Die Unternehmen betonen in großen Kampagnen ihr Ziel, Familienorientierung nicht als Karrierehindernis anzusehen. Asiatische Frauen sind häufiger hauptverantwortlich für ihre Kinder und pflegebedürftige Eltern als europäische Frauen. Die DBS Group gestaltet darum ab einer gewissen Führungsebene Erziehungs- und Pflegezeiten individuell. Ebenso stellt sie Frauen über Jahre frei, falls der Partner beruflich ins Ausland versetzt wird. „Sabbatical statt Ausstieg“ lautet einer der Personalmarketing-Slogans. Die Folge: Mitte 2018 waren 40 Prozent der Positionen des Senior Vice President und höher von Frauen besetzt. Vor zwei Jahren waren es nur 15 Prozent.
Andere Unternehmen gehen noch einen Schritt weiter. Sie haben ein Programm für alleinerziehende Mütter entwickelt. Diese können beispielsweise bevor ihre Kinder an die Uni wechseln eine Auszeit nehmen.
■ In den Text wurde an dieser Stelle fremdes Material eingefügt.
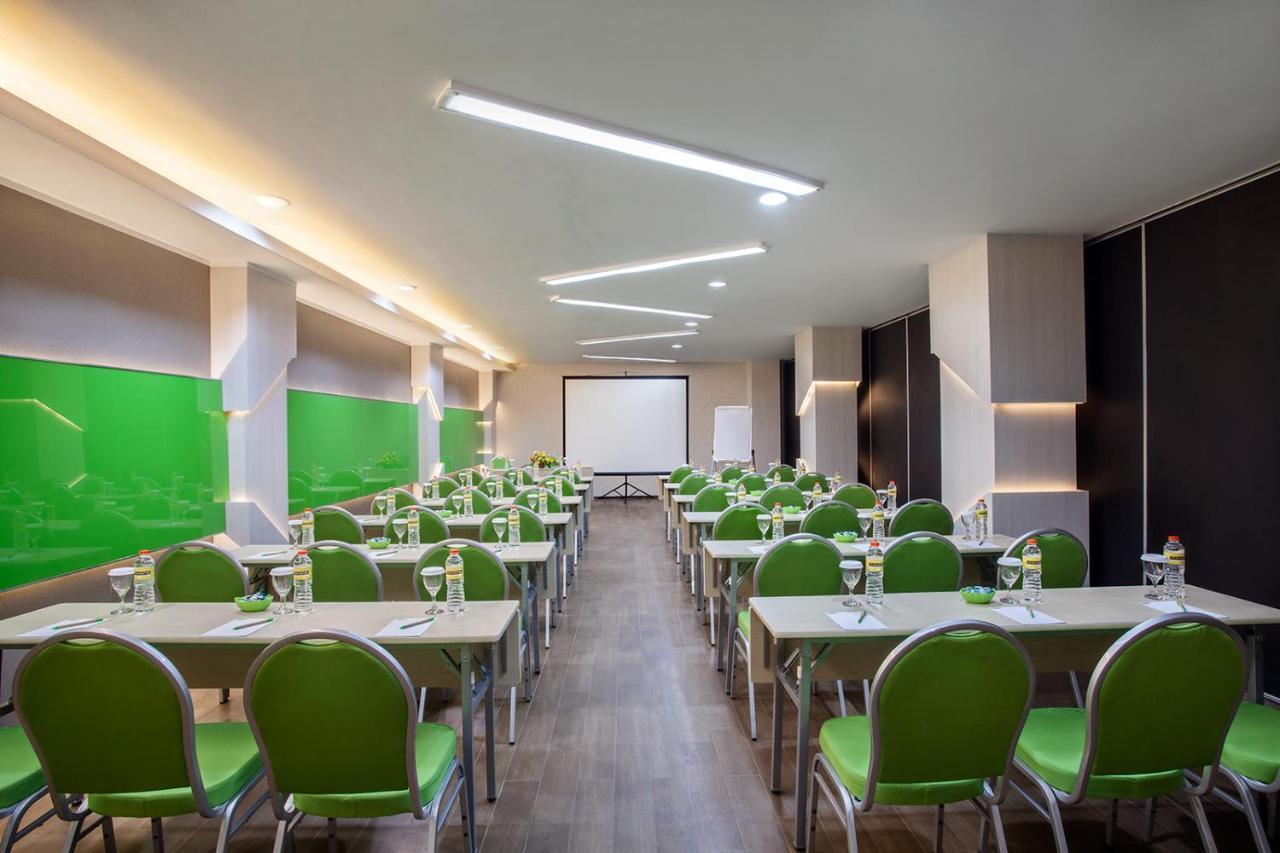 Maxonehotels.Com At Tidar Surabaja Exteriér fotografie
So sollen sie Zeiten haben, die Abschlussprüfungen der Kinder zu begleiten oder einen letzten gemeinsamen Urlaub zu machen.
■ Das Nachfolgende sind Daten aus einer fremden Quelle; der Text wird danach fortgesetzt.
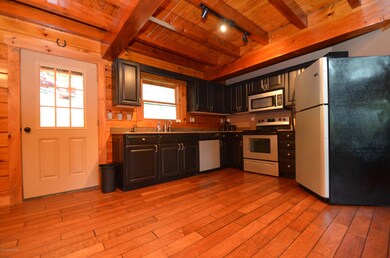 150 Iroquois Cir, Hazleton, PA 18202 - photo 5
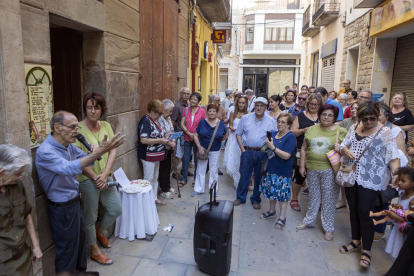 La ruta poética itinerante por Guissona partió de la casa natal de Pàmias, en la calle de Les Botigues.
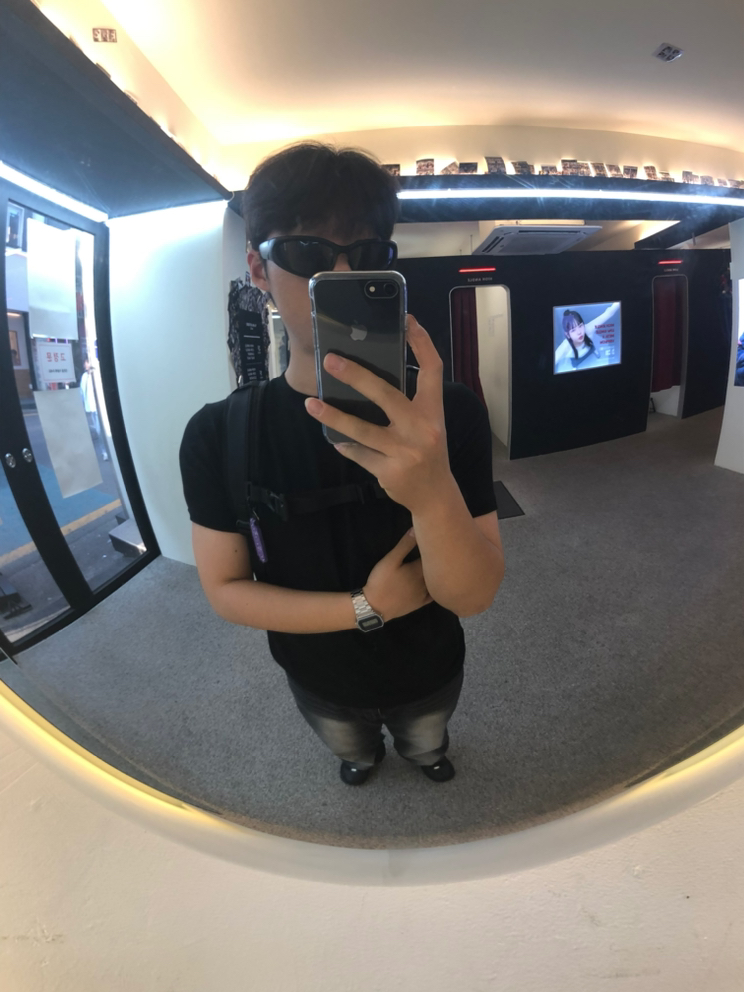 KREAM 프로필 이미지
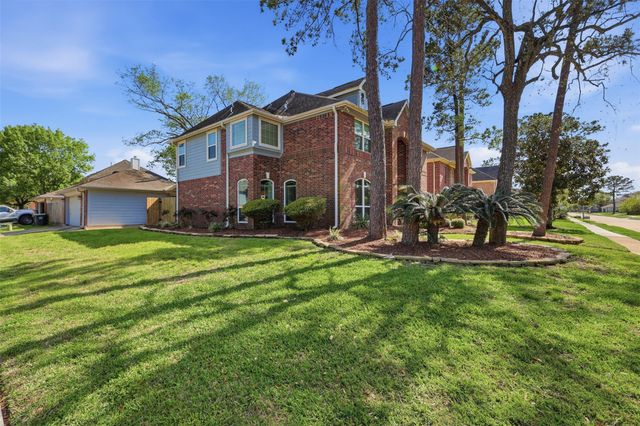 2401 Evergreen Drive, Pearland, TX 77581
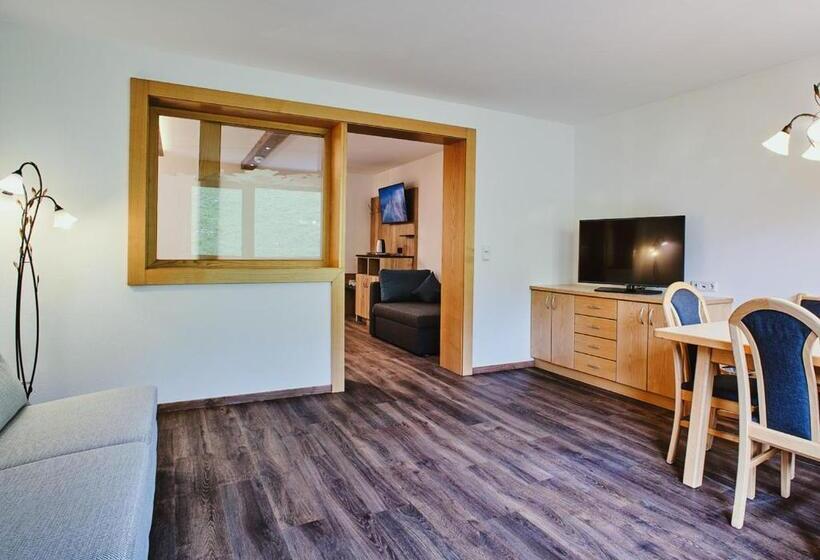 スイート, Rustika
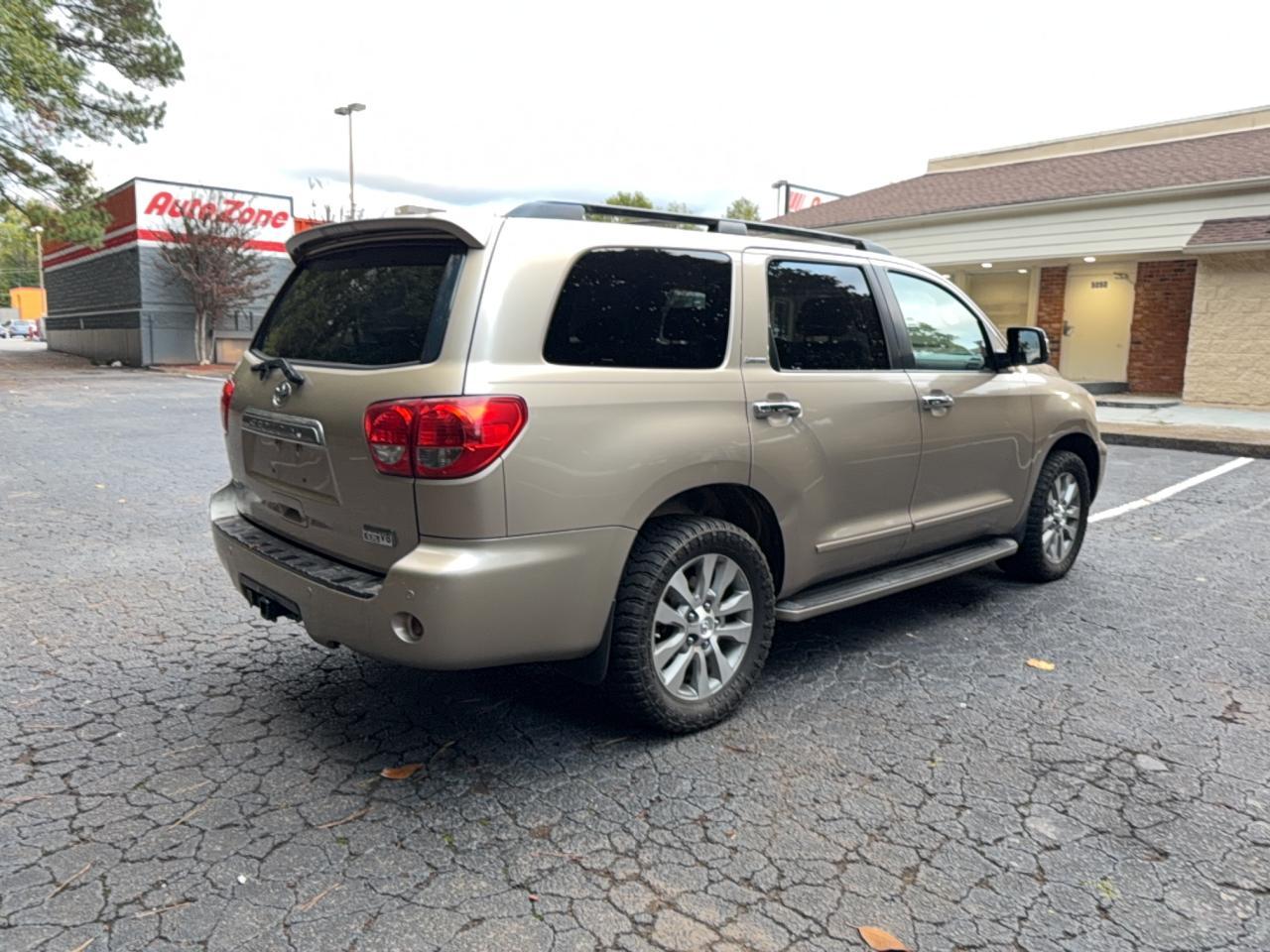 2008 TOYOTA Sequoia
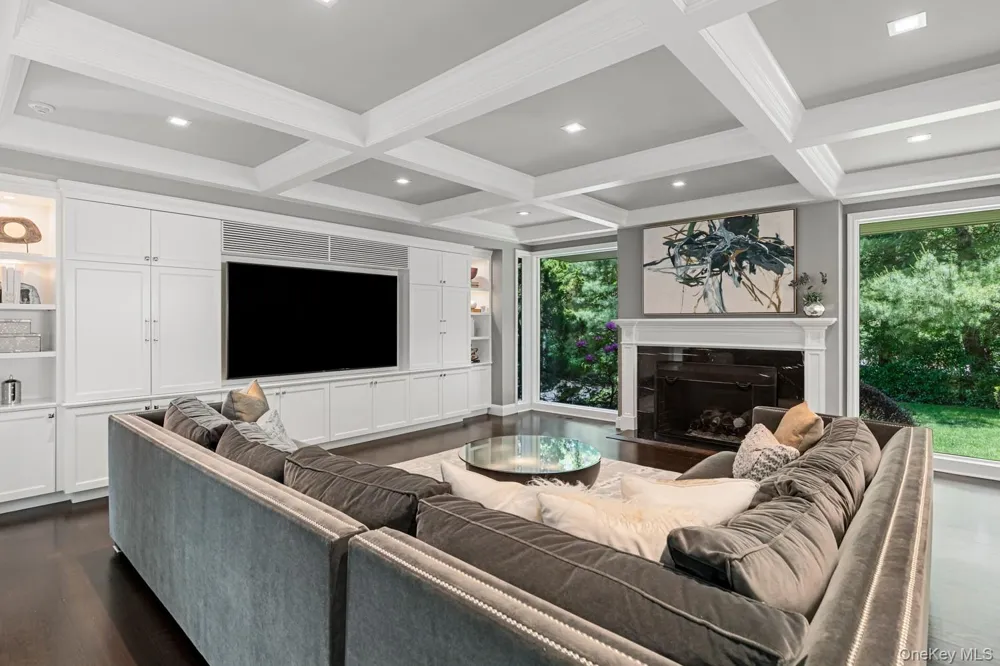 5 Coachmans Court Old Westbury, NY 11568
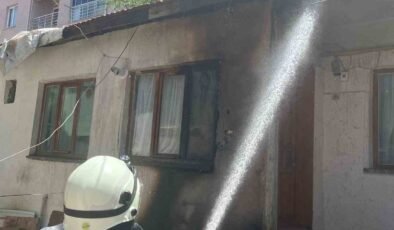 Müstakil evin çatısına çıkan yangın büyümeden söndürüldü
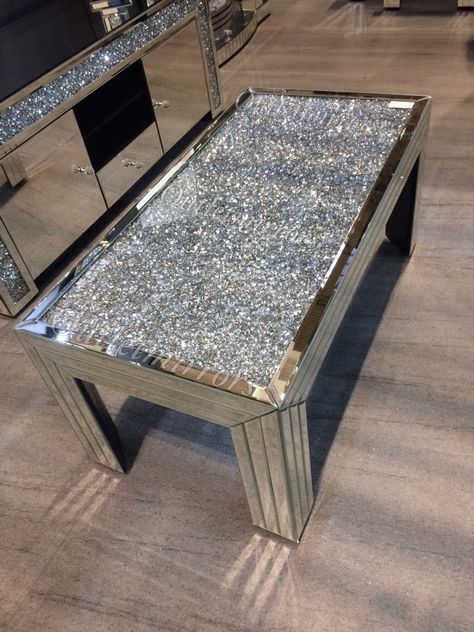 Crushed Diamond Decor, Crush Coffee, Bling Stuff, Mirrored Bedroom, Coffee Tables With Storage, Diamond Furniture, Mirrored Furniture Decor, Glitter Furniture, Coffee Table Designs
Procter & Gamble will über längere Bewerbungsverfahren sicherstellen, dass Frauen die gleichen Chancen haben. Dem Unternehmen ist aufgefallen, dass hochqualifizierte Frauen sich auf Positionen nicht bewerben, weil diese womöglich an einem anderen Standort sind. Damit die Frauen Umzug und Kinderbetreuung regeln können, plant das Unternehmen mindestens ein halbes Jahr Vorlaufzeit für wechselwillige Frauen ein.
Typisch weibliche Themen
Asiatische Firmen, die besonders gut darin sind, hochqualifizierte Frauen anzuwerben und zu halten, folgen einem zweistufigen Personalmarketingansatz. Sie setzen in ihren Recruiting-Anzeigen auf „typisch weibliche Themen“. Das sind die Vereinbarung von Familie und Beruf, flexible Karriereplanung und spezielle Förderprogramme für Frauen. Dabei sind sie sowohl mit Werbeveranstaltungen an Universitäten, im sozialen Netz, aber auch mit großflächigen Plakaten im öffentlichen Raum aktiv.
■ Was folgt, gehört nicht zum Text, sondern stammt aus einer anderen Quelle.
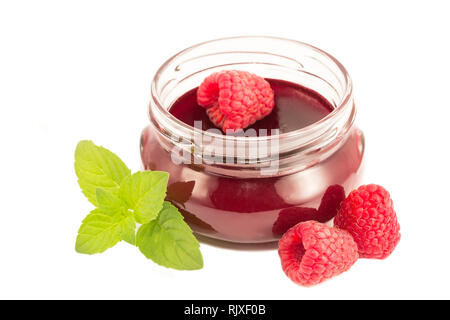 Marmellata di lamponi in un vaso isolato Foto Stock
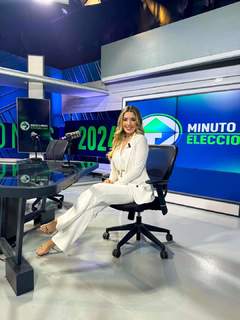 Larissa Vega feet photo 6
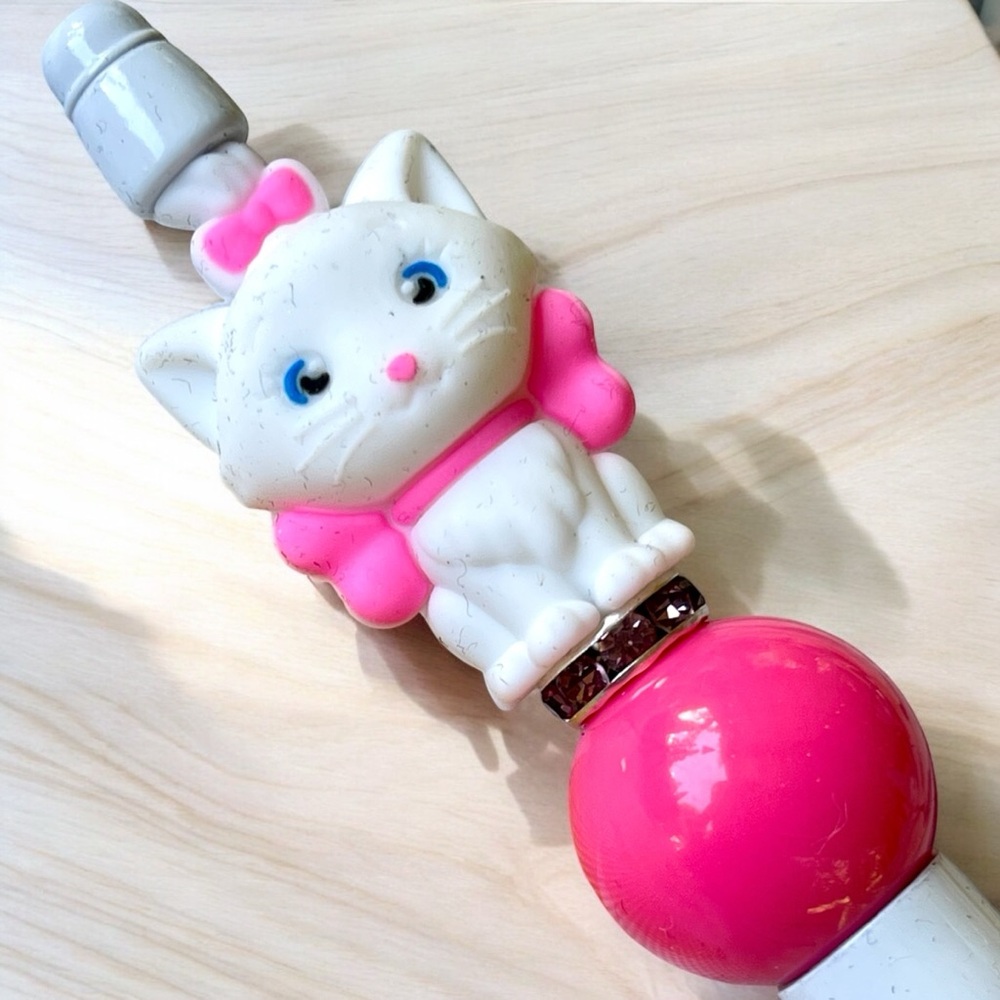 Handmade Marie cat beaded pen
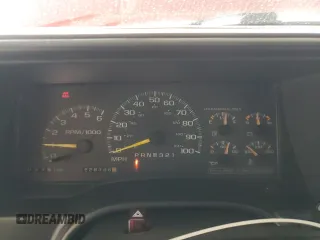 1999 GMC Yukon with VIN 1GKEK13R1XJ711537, listed as a Copart auction lot 51658175 with 228,786 mi miles and Salvage Title. Bid and sale history available at carsss.com. Image 9.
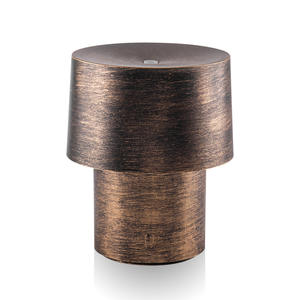 Difusor de aroma de hongos, mini humidificador con luz LED, alimentado por USB, capacidad de 0.5L, lámpara de mesa para uso en el hogar y dormitorio. - Product Image 1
Ist die gewünschte Bewerberin gewonnen, legen die Unternehmen wert auf maßgeschneiderte Betreuungen und Lösungen. Die Karrierewege der Frauen werden oft öffentlichkeitswirksam auf der Firmen-Homepage vorgestellt. Frauennetzwerke werden gezielt für das Recruiting genutzt und die Frauen zu echten Werbeträgern gemacht. Dass die Frauen ihre Werdegänge öffentlich machen, ist dabei oftmals Teil von Vereinbarungen.